Task instructions: Please copy exactly the line that contains "this 400×225 image." and every line after it through the end of the records, leaving the pictures out.

(Annotated photo localization data)
★ ★ ★ ★ ★ ★ ★

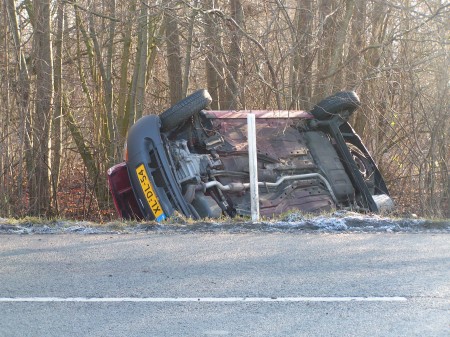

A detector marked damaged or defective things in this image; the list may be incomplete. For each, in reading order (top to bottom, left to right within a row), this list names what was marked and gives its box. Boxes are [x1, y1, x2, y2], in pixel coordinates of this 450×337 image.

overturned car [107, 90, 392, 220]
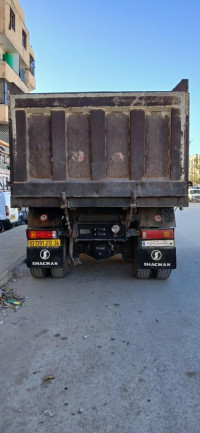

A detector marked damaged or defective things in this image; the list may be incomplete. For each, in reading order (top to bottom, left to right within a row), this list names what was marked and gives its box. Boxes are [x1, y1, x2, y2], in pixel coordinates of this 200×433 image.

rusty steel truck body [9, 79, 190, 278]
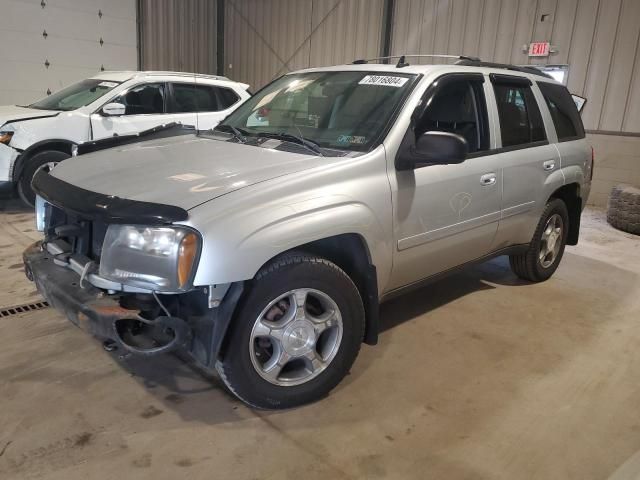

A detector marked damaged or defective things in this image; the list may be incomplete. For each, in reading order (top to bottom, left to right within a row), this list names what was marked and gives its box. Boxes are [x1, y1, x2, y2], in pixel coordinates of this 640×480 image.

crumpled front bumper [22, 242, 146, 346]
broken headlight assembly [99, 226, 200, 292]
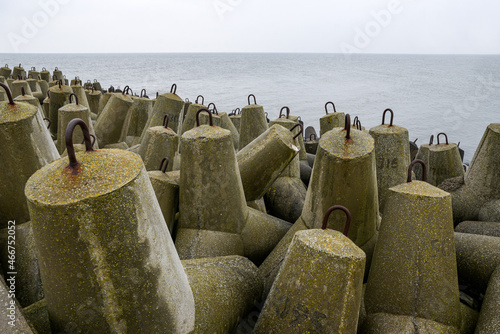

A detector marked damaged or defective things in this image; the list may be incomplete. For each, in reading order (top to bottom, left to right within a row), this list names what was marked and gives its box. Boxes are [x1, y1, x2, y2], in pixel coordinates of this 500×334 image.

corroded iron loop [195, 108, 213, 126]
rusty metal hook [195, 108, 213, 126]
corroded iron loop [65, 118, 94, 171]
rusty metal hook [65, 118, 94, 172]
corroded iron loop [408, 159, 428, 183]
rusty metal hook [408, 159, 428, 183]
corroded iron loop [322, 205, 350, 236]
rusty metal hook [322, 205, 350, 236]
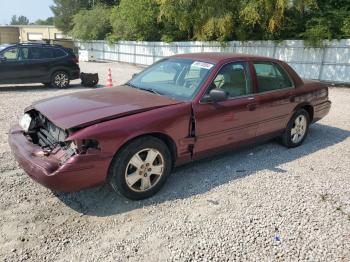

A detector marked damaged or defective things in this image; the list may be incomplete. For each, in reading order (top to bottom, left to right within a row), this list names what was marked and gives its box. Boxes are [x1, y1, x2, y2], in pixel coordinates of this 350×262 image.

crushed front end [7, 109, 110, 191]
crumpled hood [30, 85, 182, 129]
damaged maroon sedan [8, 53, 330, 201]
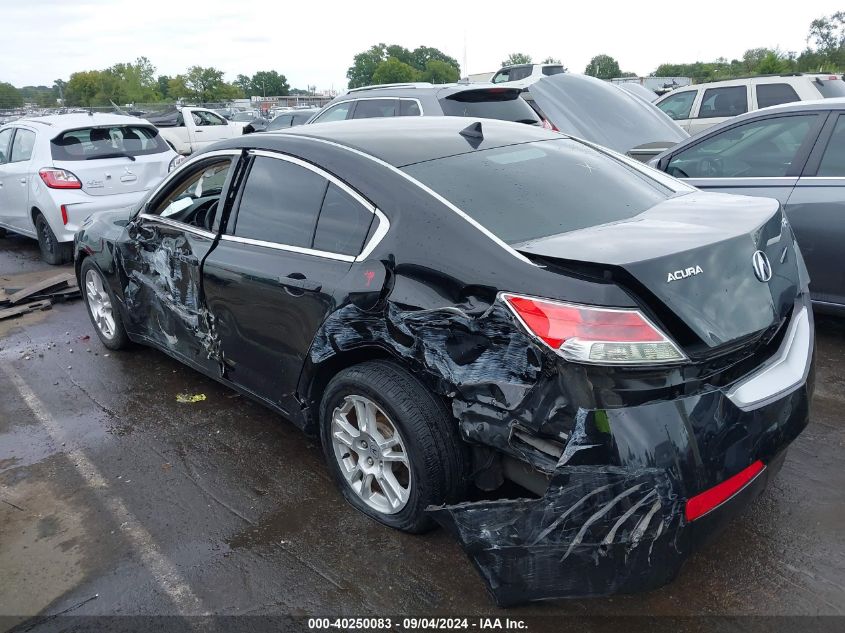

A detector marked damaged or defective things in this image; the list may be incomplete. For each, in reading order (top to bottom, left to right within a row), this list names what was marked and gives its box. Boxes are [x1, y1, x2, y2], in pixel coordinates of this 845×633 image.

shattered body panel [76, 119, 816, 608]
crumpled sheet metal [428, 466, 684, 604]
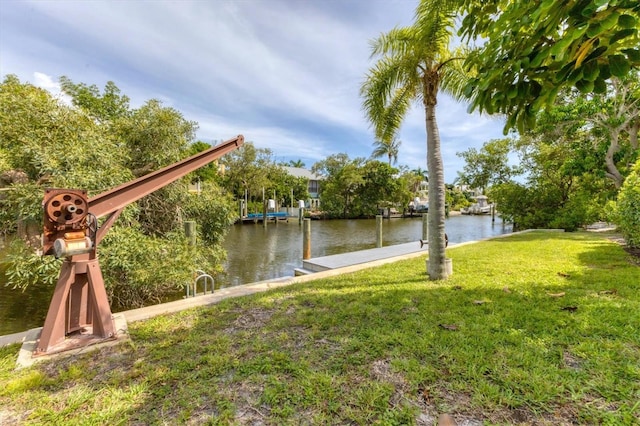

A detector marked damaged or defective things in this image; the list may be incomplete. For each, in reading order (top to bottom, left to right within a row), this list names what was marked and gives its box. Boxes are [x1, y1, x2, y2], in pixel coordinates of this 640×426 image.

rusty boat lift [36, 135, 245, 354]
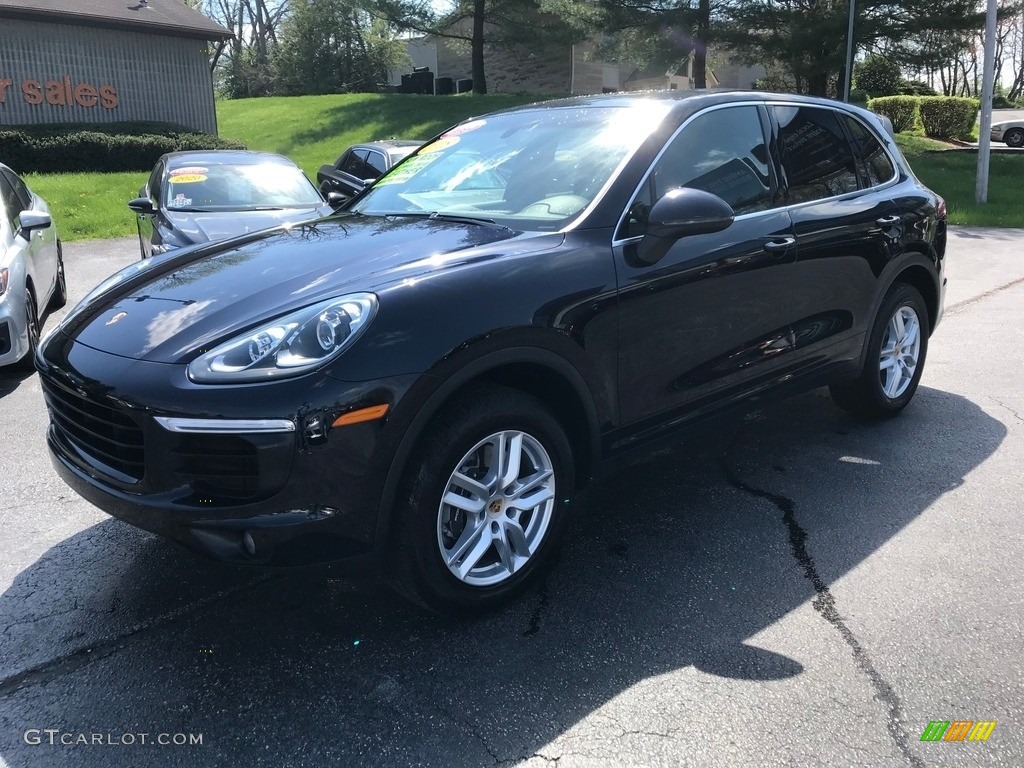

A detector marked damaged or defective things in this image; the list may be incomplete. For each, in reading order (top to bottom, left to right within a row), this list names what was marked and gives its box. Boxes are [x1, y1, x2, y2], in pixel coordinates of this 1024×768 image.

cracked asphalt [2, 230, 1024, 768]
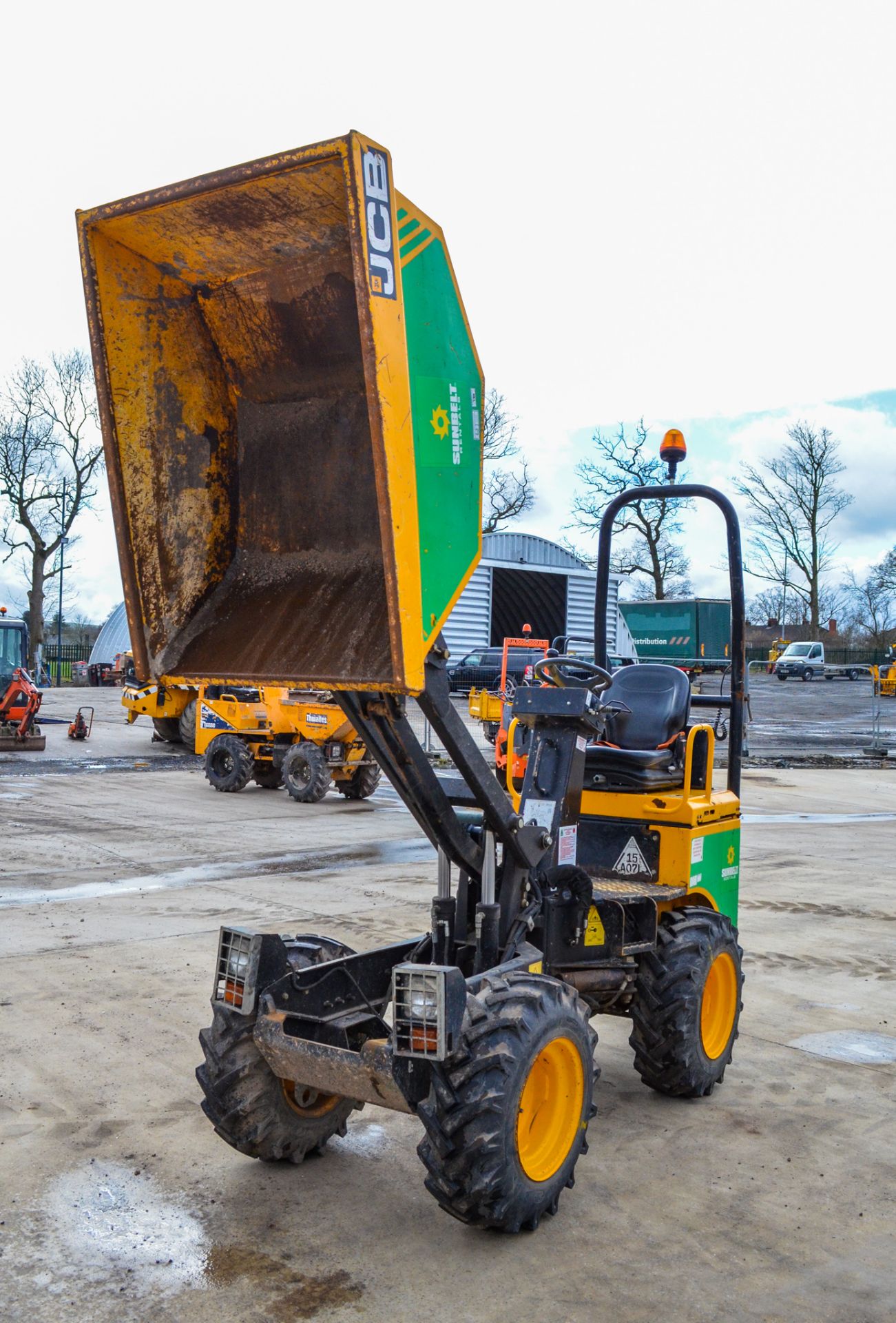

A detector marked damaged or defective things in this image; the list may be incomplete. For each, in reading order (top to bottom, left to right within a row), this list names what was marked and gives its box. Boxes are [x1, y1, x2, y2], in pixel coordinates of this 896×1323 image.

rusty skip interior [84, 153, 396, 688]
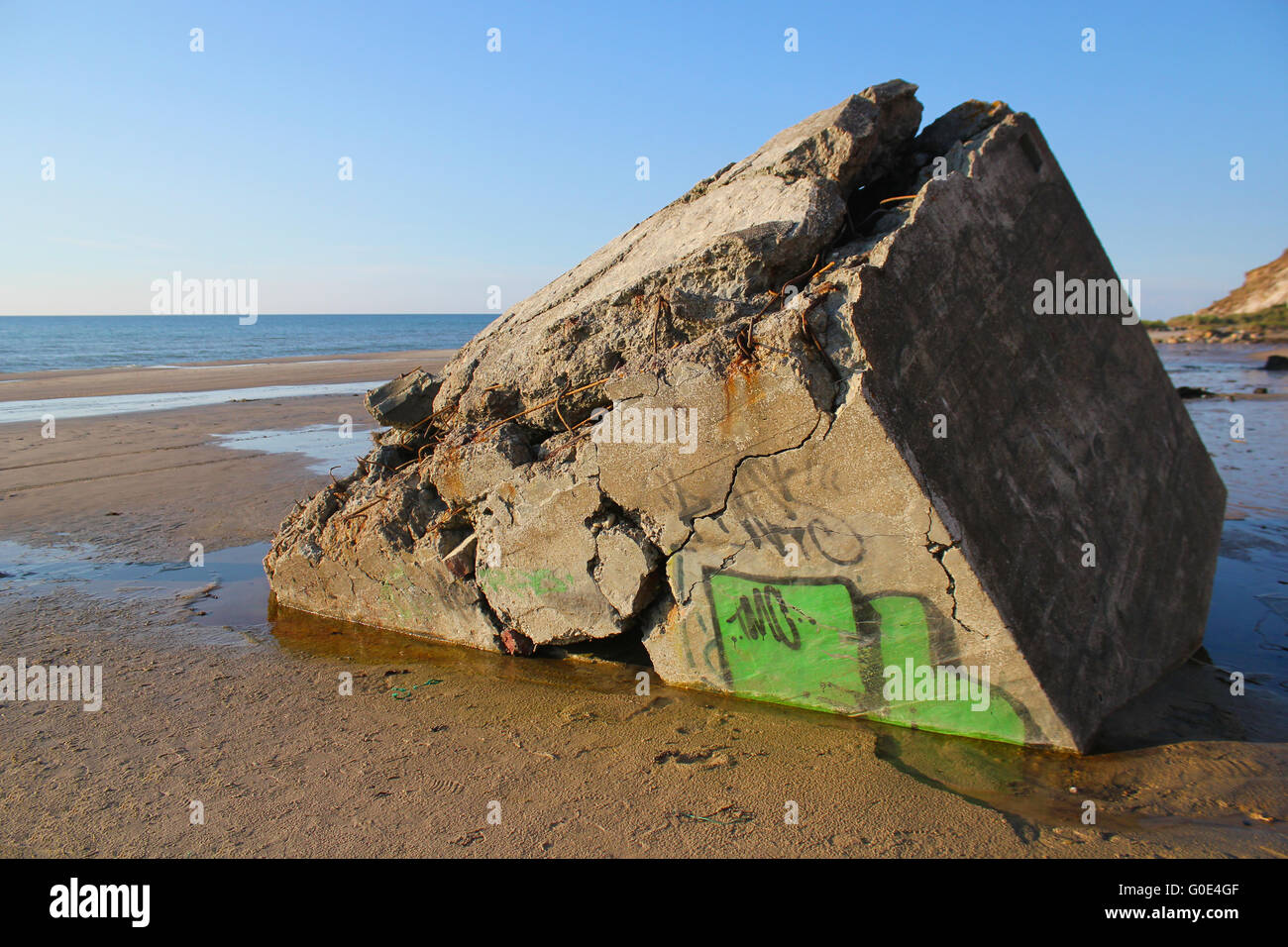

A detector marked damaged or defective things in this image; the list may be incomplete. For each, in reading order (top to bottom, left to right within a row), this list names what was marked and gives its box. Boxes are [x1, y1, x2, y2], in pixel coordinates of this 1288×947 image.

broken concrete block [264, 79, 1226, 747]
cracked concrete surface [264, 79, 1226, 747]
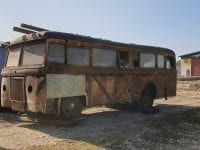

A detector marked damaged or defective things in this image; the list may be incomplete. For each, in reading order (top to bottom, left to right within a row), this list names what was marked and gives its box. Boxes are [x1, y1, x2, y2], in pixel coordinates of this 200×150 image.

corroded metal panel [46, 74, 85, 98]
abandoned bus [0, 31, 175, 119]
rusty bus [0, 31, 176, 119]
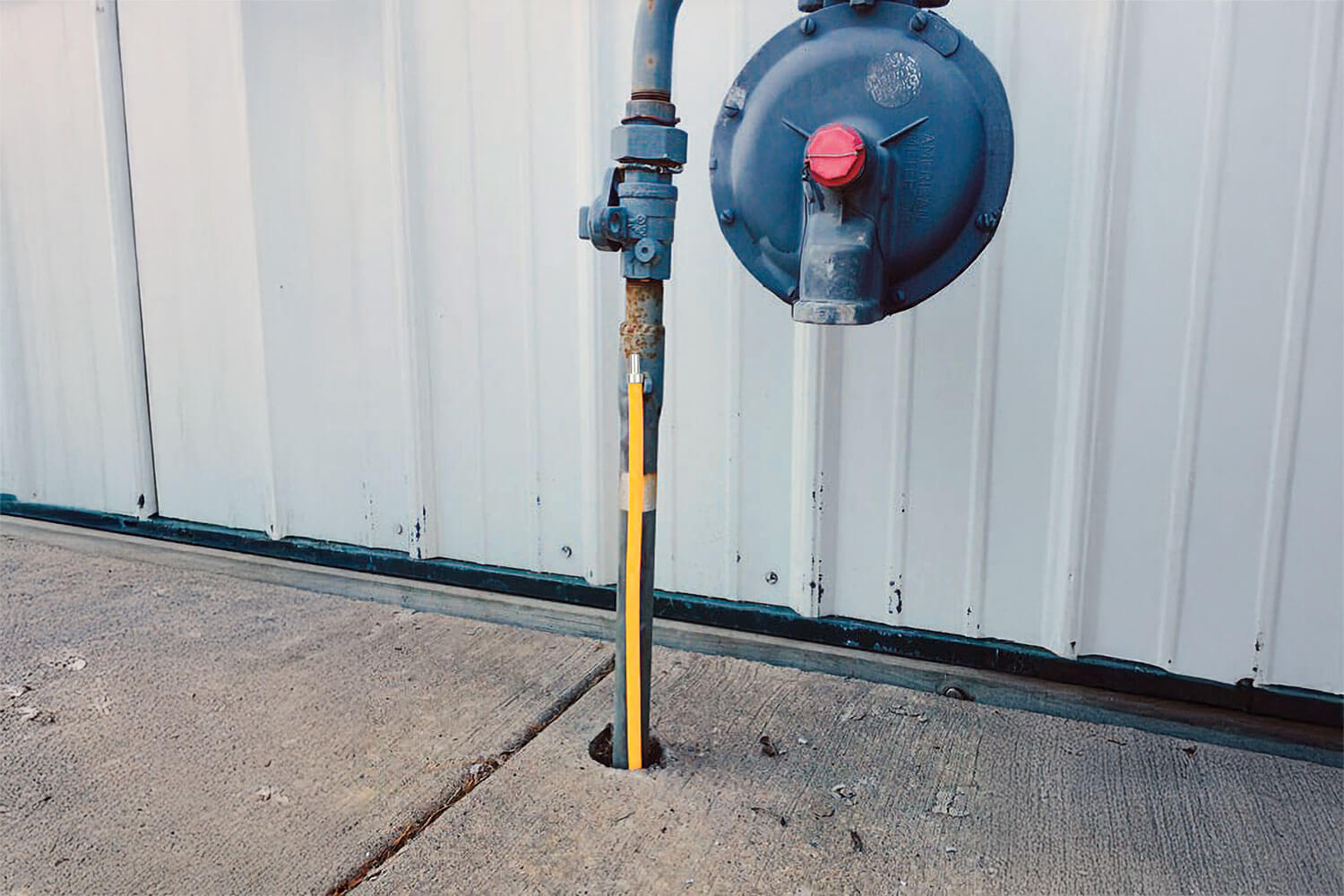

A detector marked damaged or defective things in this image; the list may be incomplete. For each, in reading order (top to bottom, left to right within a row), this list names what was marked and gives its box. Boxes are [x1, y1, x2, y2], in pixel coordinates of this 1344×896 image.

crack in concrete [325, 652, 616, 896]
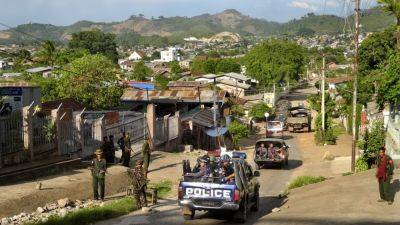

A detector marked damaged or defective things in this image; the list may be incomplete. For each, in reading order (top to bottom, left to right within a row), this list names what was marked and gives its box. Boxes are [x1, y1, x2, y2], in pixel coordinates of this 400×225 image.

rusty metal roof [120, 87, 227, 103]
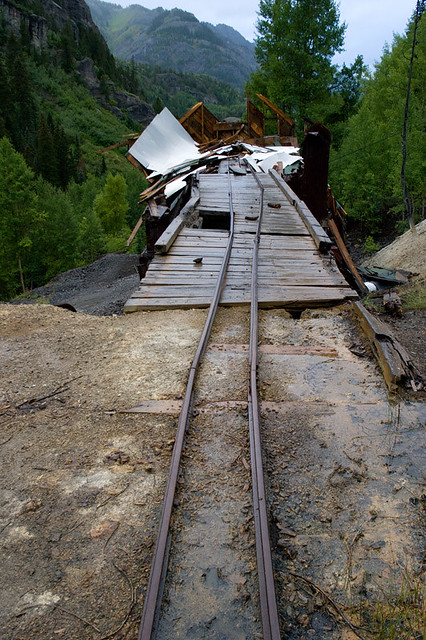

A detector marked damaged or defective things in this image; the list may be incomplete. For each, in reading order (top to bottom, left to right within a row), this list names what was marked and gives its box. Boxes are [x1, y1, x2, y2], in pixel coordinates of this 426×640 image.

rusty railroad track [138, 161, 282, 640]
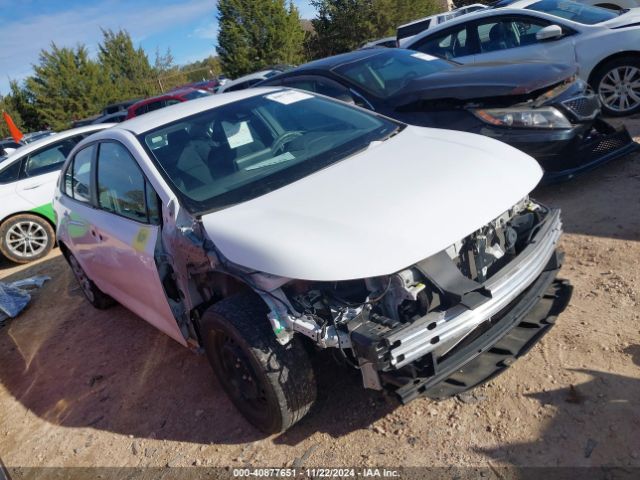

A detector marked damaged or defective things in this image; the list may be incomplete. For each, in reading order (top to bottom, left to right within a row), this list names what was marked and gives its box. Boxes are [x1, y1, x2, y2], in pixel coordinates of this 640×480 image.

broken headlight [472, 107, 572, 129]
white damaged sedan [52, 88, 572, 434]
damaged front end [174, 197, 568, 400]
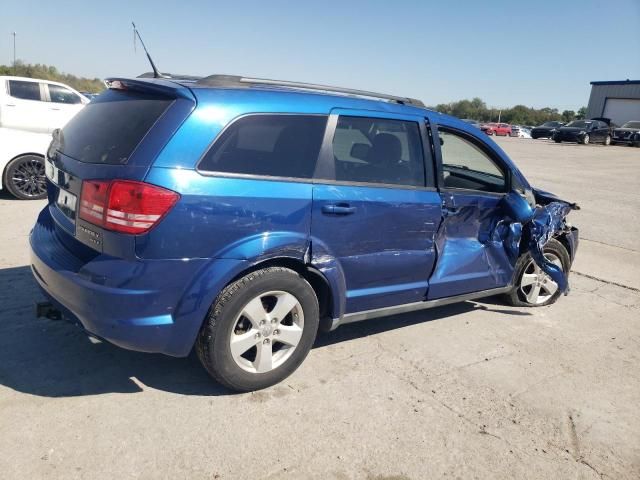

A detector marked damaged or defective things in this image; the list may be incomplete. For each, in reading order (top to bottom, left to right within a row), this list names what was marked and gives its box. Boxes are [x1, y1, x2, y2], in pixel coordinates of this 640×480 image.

★ ★ ★ ★ ★ ★ ★

Output of the task:
A detector marked damaged or defective things in this image; the list may be incomplete. For each, in reading order (top to bottom, left to right within a row), this list names what was marked and gives its box. Boxes are [x1, y1, x2, y2], in pixel coordinates of this 400×225 image.

rusty metal roof [120, 87, 227, 103]

A detector marked damaged or defective things in this image; the list may be incomplete. For each, in reading order (top to bottom, left to right within a row), this list names what was marked and gives its box. Boxes are [x1, y1, x2, y2], in pixel coordinates of this 426×640 image.

rusty railroad track [138, 161, 282, 640]

A detector marked damaged or defective things in this image; the list may be incomplete. For each, in reading order (top to bottom, left to right within a row), this list names what was marked and gives its box. Boxes are [x1, y1, x2, y2], in pixel coordinates of this 640×480 image.

broken headlight [472, 107, 572, 129]
white damaged sedan [52, 88, 572, 434]
damaged front end [174, 197, 568, 400]

A detector marked damaged or defective things in this image; the list may be incomplete. For each, in reading order (top to bottom, left to right within a row), this list names what was marked and gives its box. Boxes are [x1, y1, x2, y2], in pixel coordinates of this 640×480 image.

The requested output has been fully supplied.